How often are we going to have to demand transparency from the New York Yankees before the organization realizes that white lies are often more harmful than divulging truths?

Especially since the issues the team attempts to cover up always get drawn out in the wash by the time the next game’s lineup must drop.

Gleyber Torres, after coming back sooner than anticipated (by many) from dual quad and hamstring strains, received a day off for supposed rest on Sunday, though he eventually pinch hit in the affair and won the game with a two-out, two-run double in the eighth. Aaron Boone was all smiles in the postgame, regaling us with the tale of Torres’ dramatic hit, never dropping a hint that there might’ve been another reason he’d stayed away from the infielder earlier in the game.

"“I told him before, ‘There might be a big spot late so be ready,’ ” Boone said of Torres, who was told by bench coach Carlos Mendoza in the fifth inning to start preparing to hit if the Orioles used a left-handed reliever. “Once they brought Scott into that spot I felt it was his spot and he goes up there and put a great at-bat and obviously we win this game.’’"

That’s fantastic!

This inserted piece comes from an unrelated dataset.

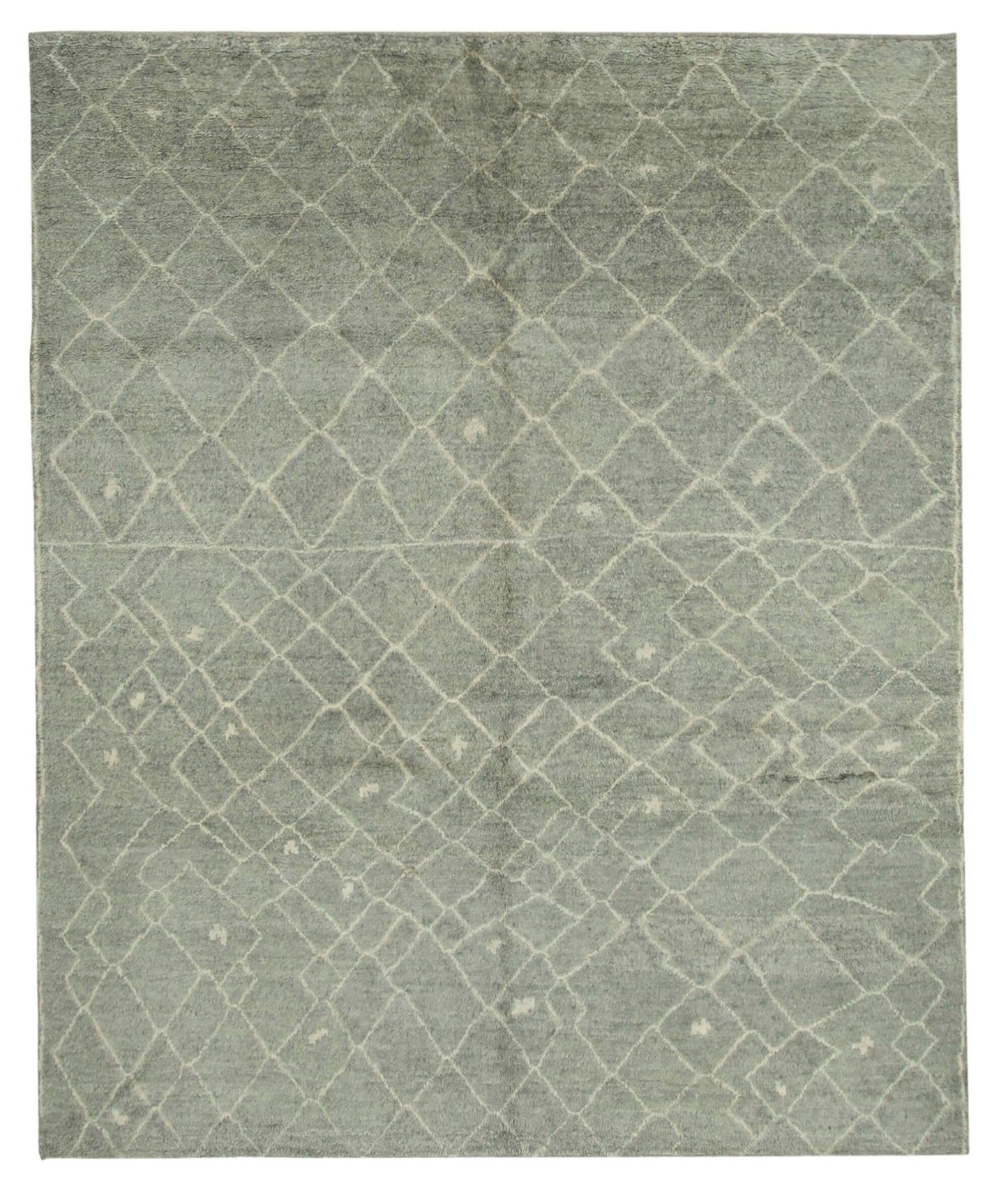 8x10 Grey Moroccan Rug - 37271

It was an excellent deployment of Torres, to be sure.

Except, on what was supposed to be the joyous day of Gio Urshela and Giancarlo Stanton’s return, Torres’ name was conspicuously absent from the lineup. Since we all know what that means by now (no Yankee can return without at least one leaving!), Boone went ahead and confirmed it.

Ahh, yes. Quad issue. The issue he recently returned from. Was that so hard?

Of course, since we’ve tracked this same phenomenon with this team endlessly over the past two years, allow me to fill in the next 48 hours. Much like with Aaron Judge, when what began as “caution” against the Braves became something by the next day, Torres has now been held out “against his will,” assuring the manager that he could play.

Now, anticipation will build for the release of the lineup on Wednesday. I’d say the odds are in your favor that, after much consternation, Torres won’t be in it.

And this is why it’s so disappointing to watch obvious injury situations be omitted from the narrative until 48 hours or so down the line. Why would a perfectly healthy Torres miss Sunday’s pennant chase game ahead of an off day? He wouldn’t. So why not just mention the elephant in the room instead of tossing him a peanut and telling him to come back Tuesday?

It’s certainly good to know that Torres would be in the lineup for Game 1 of the Wild Card Series, although he won’t be in there to battle Toronto in a seeding-determining matchup. But it would’ve all been easier to swallow if Boone (and the organization that controls him) had simply set expectations properly on Sunday afternoon.

We follow this team. We’re not oblivious to its behavioral patterns. And that’s all the more reason to abandon them in favor of honesty.